Data listing:
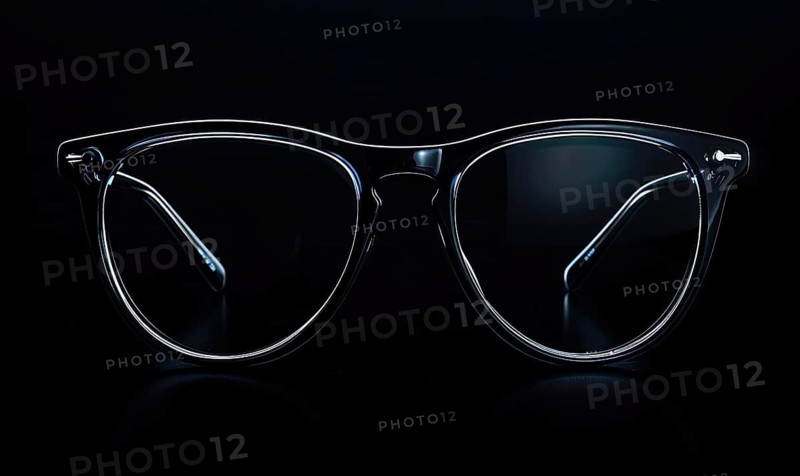 Clear eyeglasses with a subtle blue tint presenting a clean and simple design AI generated
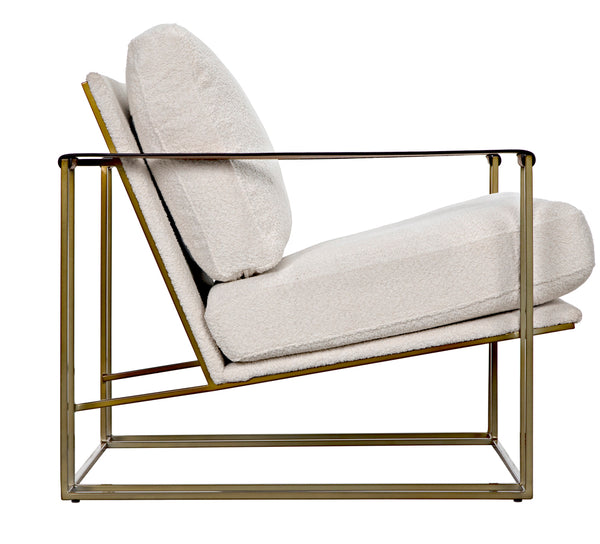 Oryan Boucle and Leather Accent Chair with Steel Frame for Modern Living Rooms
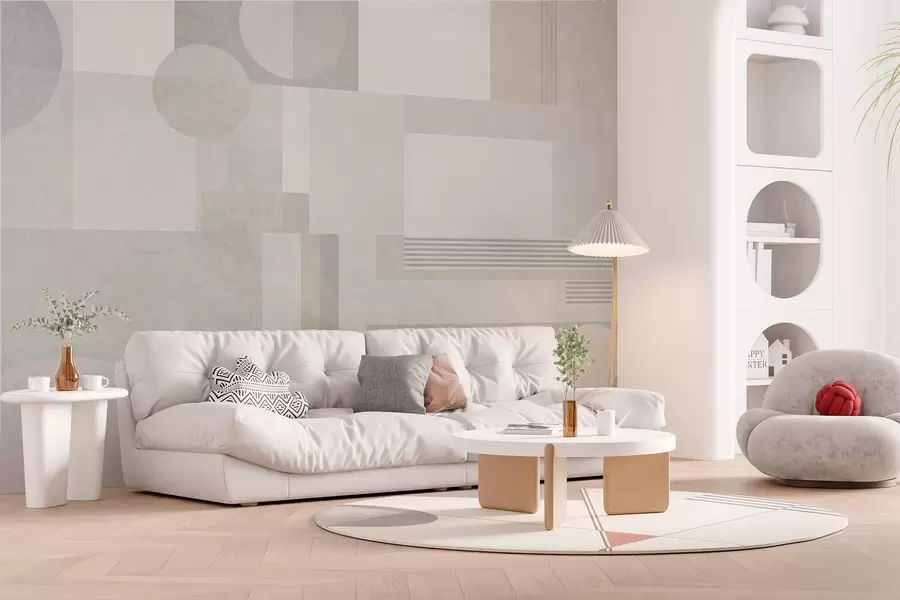 Fototapete abstrakte Geometrie in Grau- und Beigetönen w04635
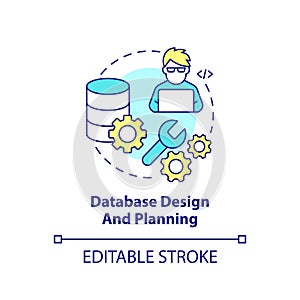 Database design and planning concept icon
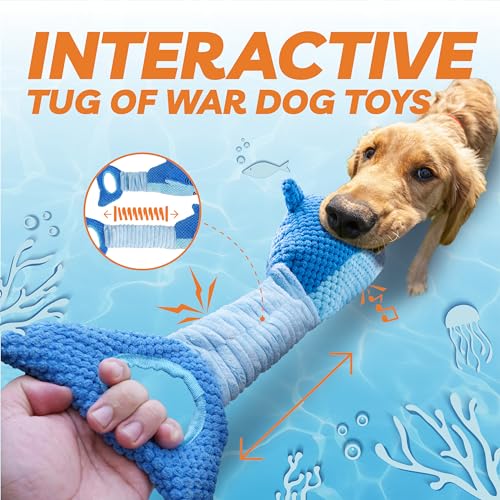 LEGEND SANDY Large Squeaky Dog Toys to Keep Them Busy, Interactive Plush Dog Toy,Crinkle Tug of War Dog Chew Toy for Small, Medium, and Large Dogs - color: 1 Pack Blue Shark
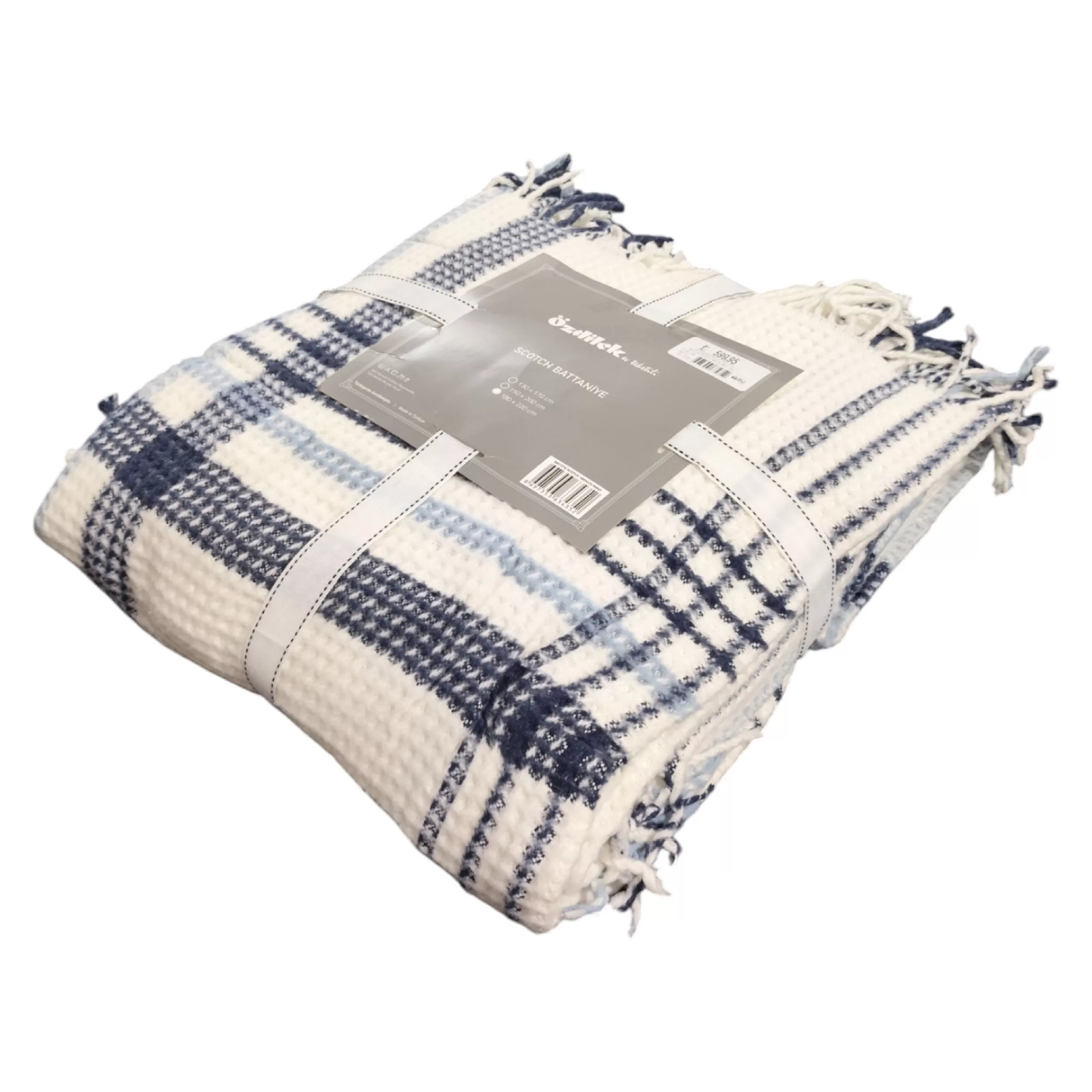 پتو 2 نفر ازدیلک مدل Scotch Mavi Battaniye سایز 220x180 سانتیمتر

Action item: Return every record exactly, leaving out the pictures.

Answer section:
 Clear eyeglasses with a subtle blue tint presenting a clean and simple design AI generated
 Oryan Boucle and Leather Accent Chair with Steel Frame for Modern Living Rooms
 Fototapete abstrakte Geometrie in Grau- und Beigetönen w04635
 Database design and planning concept icon
 LEGEND SANDY Large Squeaky Dog Toys to Keep Them Busy, Interactive Plush Dog Toy,Crinkle Tug of War Dog Chew Toy for Small, Medium, and Large Dogs - color: 1 Pack Blue Shark
 پتو 2 نفر ازدیلک مدل Scotch Mavi Battaniye سایز 220x180 سانتیمتر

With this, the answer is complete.